Shearwater Capital was founded 14 years ago on a simple premise: offer an investment approach based on the best available evidence from academic research at a reasonable price. Although our initial idea was to build tax-efficient portfolios comprising individual stocks, we soon began using funds from Dimensional Fund Advisors (DFA) as the primary building blocks of our client portfolios. We gravitated to DFA because of their scientific approach and unique collaboration with some of the world’s leading financial economists.
Many of the most important advances in portfolio management have come from scientific research. Academic evidence regarding market efficiency led to the introduction of index funds in the 1970s. While index funds have been very successful, accounting for almost 30% of mutual fund assets, they have remained largely unchanged in structure since their inception. Meanwhile, academic research has marched on spawning new ideas that have allowed DFA funds to evolve beyond simple index funds. DFA’s first product, launched in 1981, was the U.S. Microcap Portfolio, inspired by research at the University of Chicago showing that, in the long run, small companies have higher expected returns than large companies.
The next step in the evolution of DFA funds was based on research by two leading financial economists, Eugene Fama(1) and Kenneth French. The Fama/French model demonstrated that stock returns are influenced not only by a company’s size, but also by its relative value, as measured by its price-to-book ratio. This led to several new DFA funds that overweight small cap and value stocks in order to capture the higher returns associated with these asset classes over long time periods.
Further academic research has documented a momentum effect in stock prices, in which stocks that have outperformed their peers tend to continue outperforming for a while, and vice versa. This effect is small and difficult to exploit in a cost efficient manner, however, by implementing a sophisticated momentum trading algorithm, DFA has been able to capture increased returns from the momentum effect.
The latest enhancement to DFA funds is based on company profitability. Academic research has identified profitability as an independent factor that can influence stock returns. Companies with high profitability, as measured by their gross operating margins, tend to provide higher returns over time than low profitability companies. DFA has therefore incorporated a profitability screen into many of its existing funds in order to harness this effect and boost returns.

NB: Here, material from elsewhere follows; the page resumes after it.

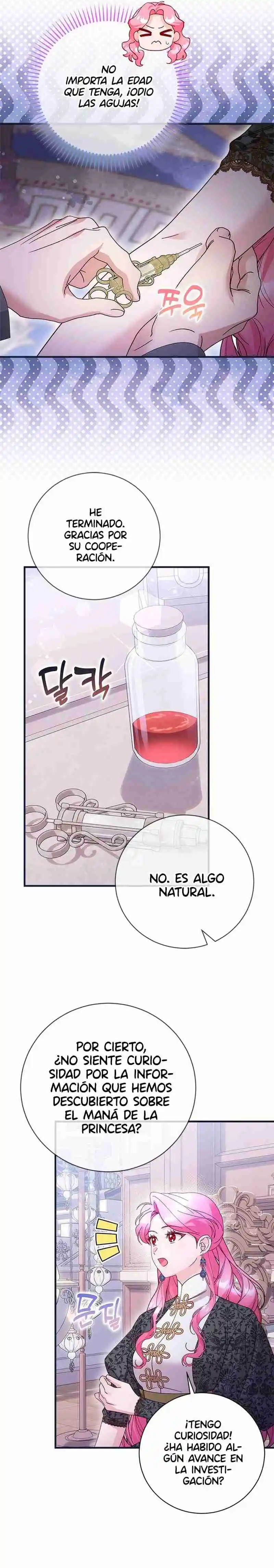 ROBÉ LA VIRGINIDAD DEL TIRANO - Capítulo 73 - Página 27 - LectorTMOo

DFA follows a careful vetting process before adopting new investment strategies. When a potential new dimension of stock returns is identified, DFA tests the effect to see if it is persistent across many historical time periods and pervasive across various domestic and international markets. Only when the effect has been shown to be robust based on extensive empirical research is it implemented as a strategy for increasing returns.
The DFA approach to investing reveals a willingness to modify one’s beliefs based on new academic data and the rigorous observation of markets over time. This philosophy embodies the scientific approach followed by DFA since its inception and it is why we continue to use their funds to implement our clients’ asset allocation strategies.